NIZHNIY NOVGOROD: Just weeks before the start of the World Cup, Croatia coach Zlatko Dalic identified a major problem with his team, their obsession with France 1998.
“Croatia haven’t done well in a World Cup since France 1998, and going on our quality, we should have,” Dalic told one of the country’s main news programmes, Dnevnik Nove TV.
“We have a brilliant generation of players who, like me, have to know that we can’t live on past glory.
“Ahead of us is the World Cup, and we have to be at our best there.”
Twenty years ago, Croatia reached the last four, being denied a World Cup final spot only by a Lilian Thuram-inspired France.
Along the way a squad including Robert Prosinecki and Zvonimir Boban beat Jamaica, Japan, Romania then thumped Germany 3-0 in the quarter-finals.
Davor Suker won the Golden Boot and Croatia matched Portugal’s 1966 team in becoming the only other side to finish third on their World Cup debut.
Just seven years after independence, the team were lauded worldwide and decorated by their president on returning to Croatia.
But from a glorious high there have been a number of lows.
Since 1998 Croatia have disappointed at the World Cup, failing to even make it past the group stage once in that time. And in 2010 they failed to qualify for the tournament altogether.
Now, a new generation, inspired by captain Luka Modric, have a chance to create history.
Their three victories in Group D containing Argentina, Iceland and Denmark have led many to claim that Croatia could win the World Cup, especially in a tournament where there appears no outstanding favourite.
The 3-0 rout of Argentina was especially impressive.

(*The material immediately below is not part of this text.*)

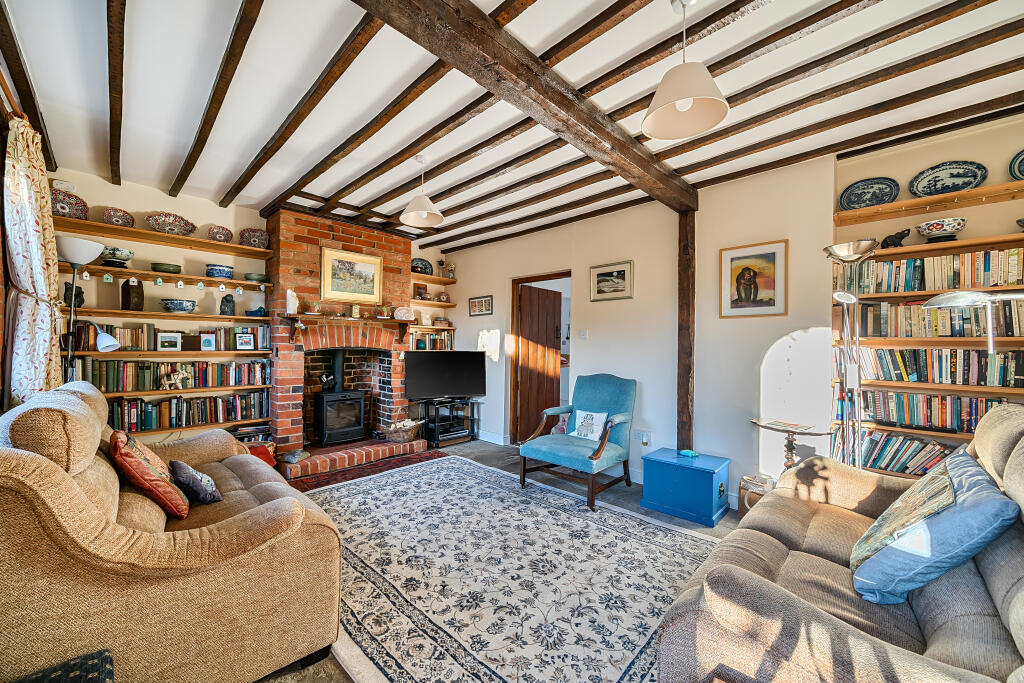 1385502869270614416ce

It was arguably the stand-out team performance of the first round and inspired by Modric giving possibly the best individual display seen so far.
In the haze of the eye-catching victory over the much-fancied South Americans, Dalic still had time to tell reporters that he wanted to better the 1998 performance.
That win came in Nizhny Novgorod and it is there Croatia will return on Sunday to play their last-16 game against a Denmark side who have failed to impress, but notably are still unbeaten after emerging from Group C.
Croatia are favourites to win that game and would then face either hosts Russia or Spain in the quarter-finals.
But the ghosts of 1998 hang as heavy in the build-up as the merits of the Danish or their key midfielder Christian Eriksen.
Modric’s midfield partner Ivan Rakitic said in the run-up to the Denmark game that the Croatia of 2018 wanted to be talked about as much as the Croatia of 1998.
“We can achieve whatever they have achieved and even overcome them,” he told reporters from Croatia’s camp in Roscin.
“We want in 20 years to talk about our generation, not about the generation of ’98.”